Auch gehört zur „Erfolgsgeschichte“ des Genderismus das Schweigen der katholischen Bischöfe, wenigstens der deutschen, zu dieser elementaren gesellschaftlichen Bedrohung durch eine wissenschaftlich getarnte Ideologie, die die Grundlagen eines humanen gesellschaftlichen Zusammenlebens bedroht. Dass die Bischöfe dieses herausragende „Zeichen der Zeit“ bis heute nicht erkannt, jedenfalls nicht darauf reagiert haben, ist unbegreiflich.

In Norwegen hat ein einzelner Journalist (Harald Eia) bewiesen, dass die Öffentlichkeit dem totalitären Sog, der inzwischen von der Gender-Ideologie ausgeht, nicht machtlos ausgeliefert ist.
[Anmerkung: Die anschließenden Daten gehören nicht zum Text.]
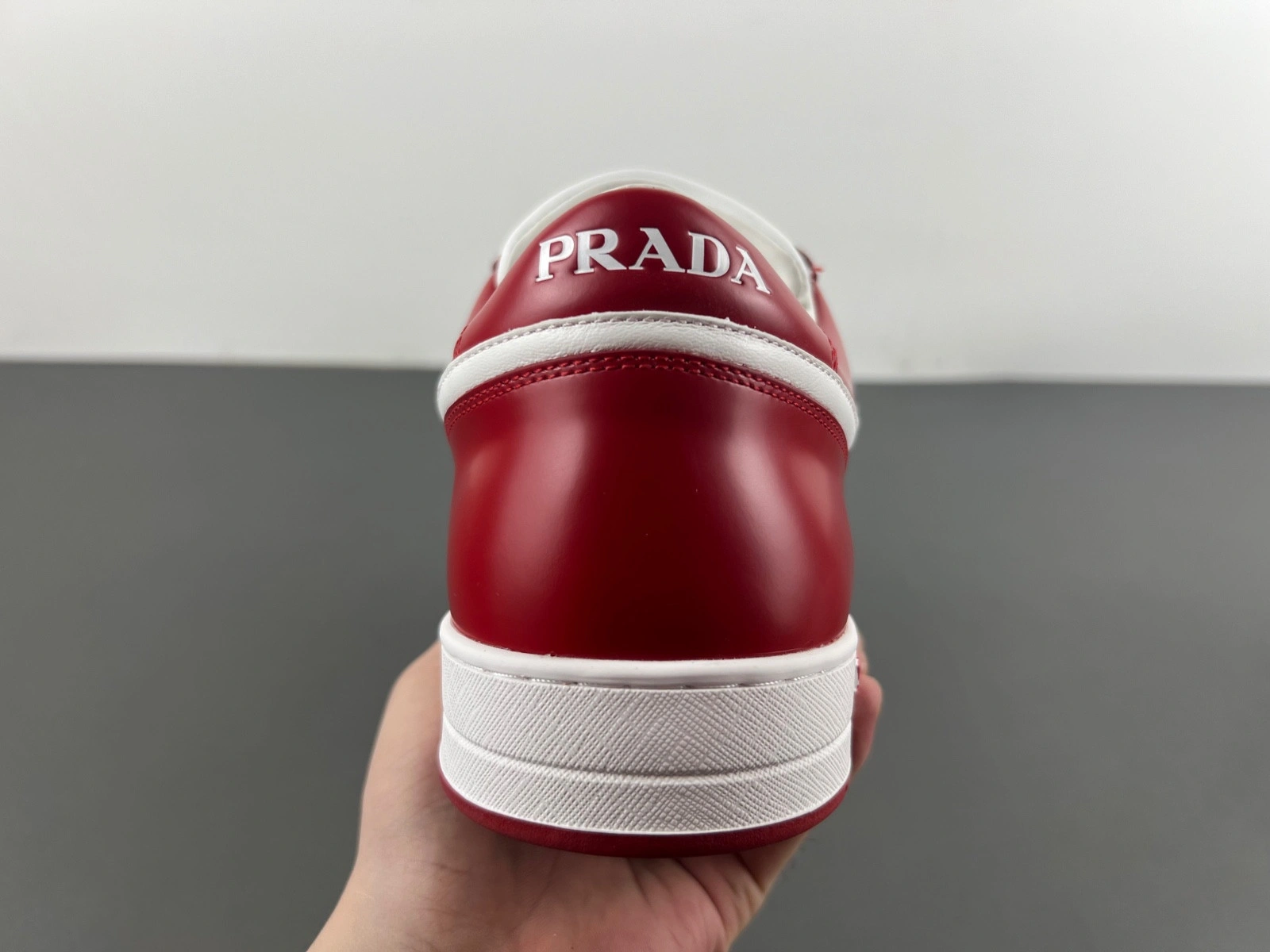 Pra Downtown leather sneakers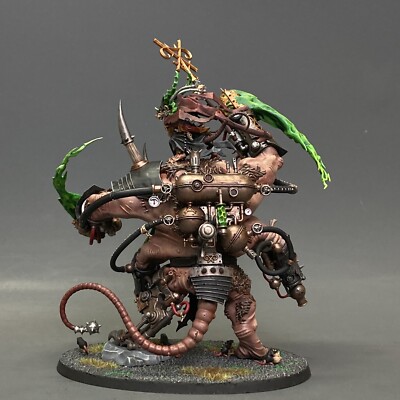 Thanquol and Boneripper Skaven Pestilens Warhammer Age of Sigmar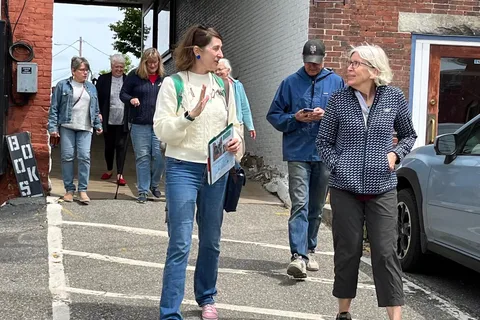 Bath, Maine: 90 Minute Walking Tour + 400 Years of History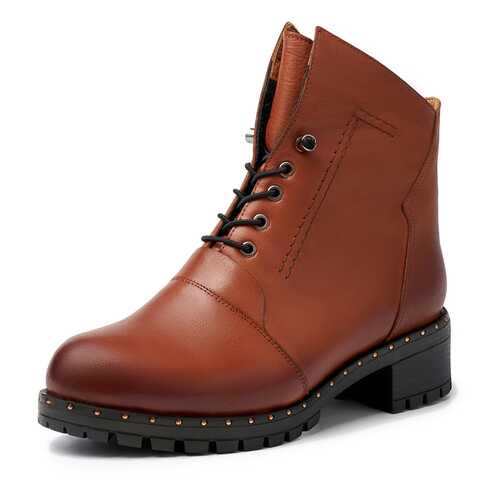 Ботинки женские Alessio Nesca 710018333 коричневые 37 RU в Timberland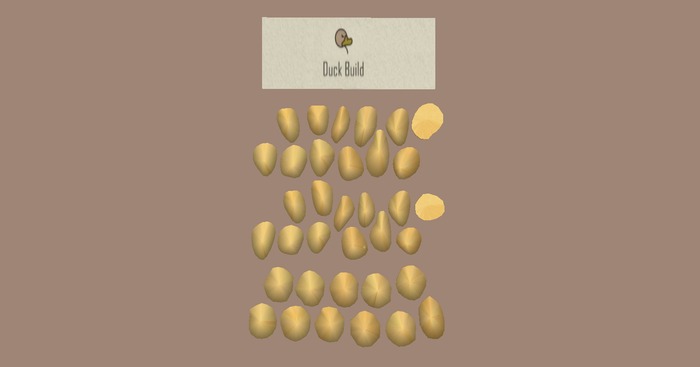 Duck Build Lizz Stone Pack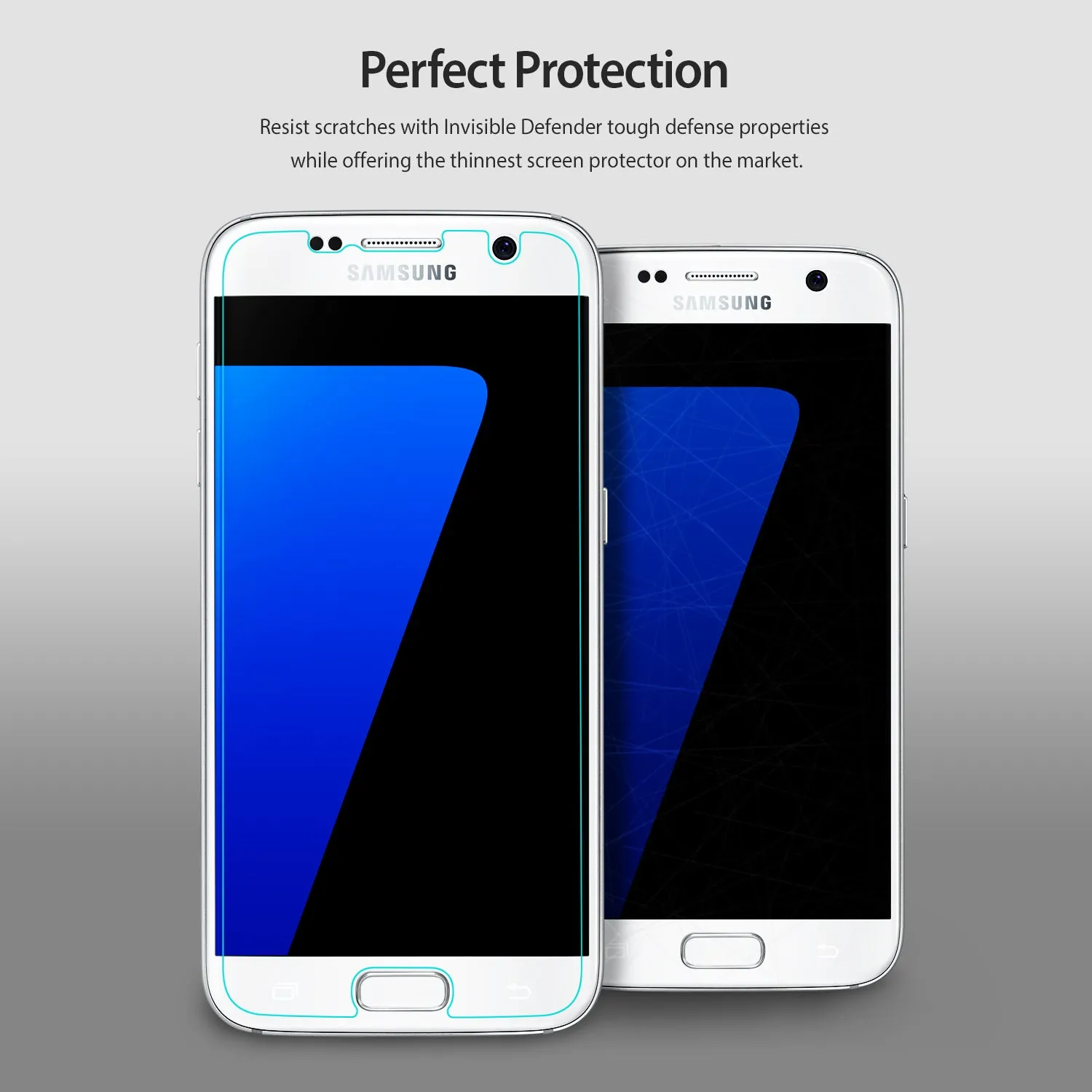 Editors Pick Galaxy S7 Screen Protector | Film (4P)  Almost Sold Out!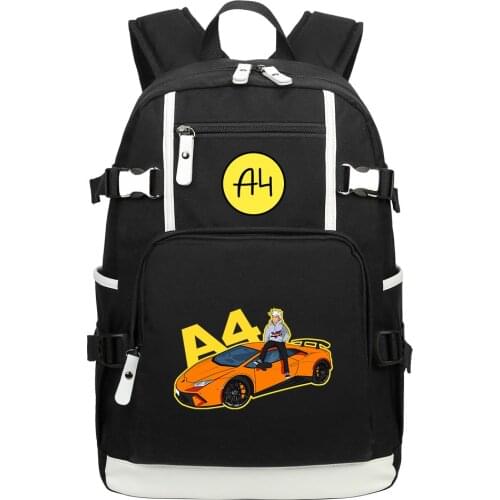 2021 Autumn NEW а4 мерч рюкзак Kids Backpack Schoolbag High Quality мерч а4 Children School Bags Girls Boys Backpacks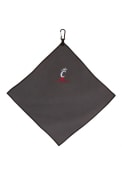 Grey Cincinnati Bearcats 15x15 Microfiber Golf Towel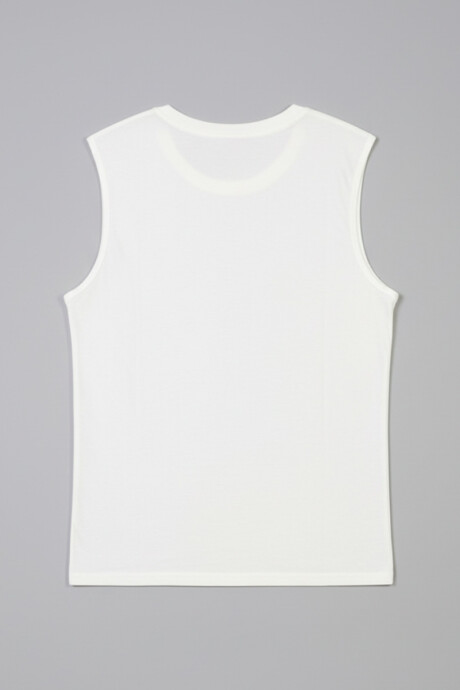 MUSCULOSA BARCHI DIXIE Blanco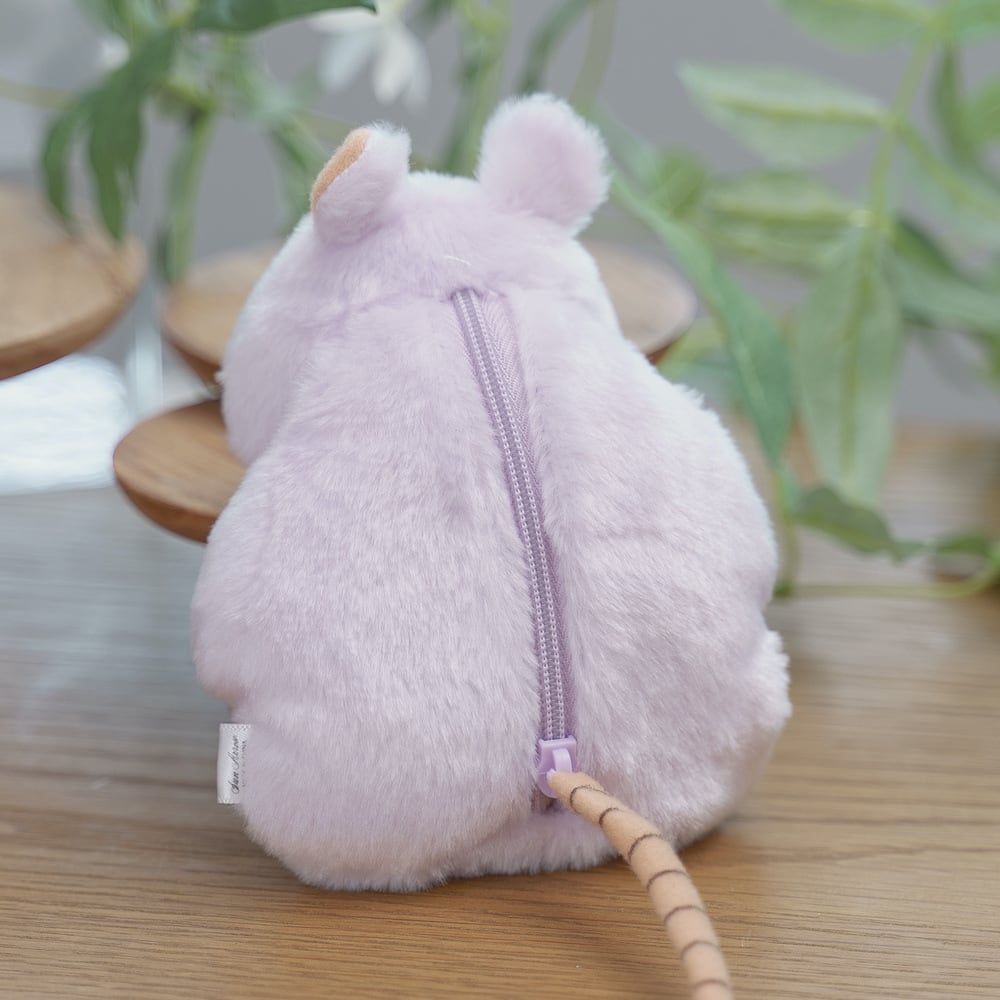 千と千尋の神隠し ふんわり小銭入れ 坊ねずみ（5039） | すすのこ商店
Er hat mit einer einzigen Fernsehsendung eine öffentliche Debatte über den Irrsinn des Genderismus ausgelöst, indem er die wissenschaftliche Haltlosigkeit der Kernthesen der Genderisten einsichtig gemacht hat. Dies ist ihm dadurch gelungen, dass er führende internationale Wissenschaftler aus den einschlägigen Fachgebieten zu Überzeugungsäußerungen norwegischer Genderisten Stellung beziehen ließ. Diese Stellungnahmen waren teilweise derart vernichtend, dass die Sendung für die Genderisten äußerst blamabel war. Das wichtigste Ergebnis der durch die Sendung ausgelösten öffentlichen Debatte war die Streichung der staatlichen Mittel für die Finanzierung der „Genderforschung“, die bis dahin auch in Norwegen sehr intensiv betrieben worden war.

Wann endlich erleben auch wir in Deutschland eine solche Debatte? Hier wartet eine dringende Aufgabe auf die katholischen deutschen Bischöfe. Aber auch Journalisten müssten in einer Aufklärung über den Genderismus eine wichtige Aufgabe im Dienst am Allgemeinwohl sehen.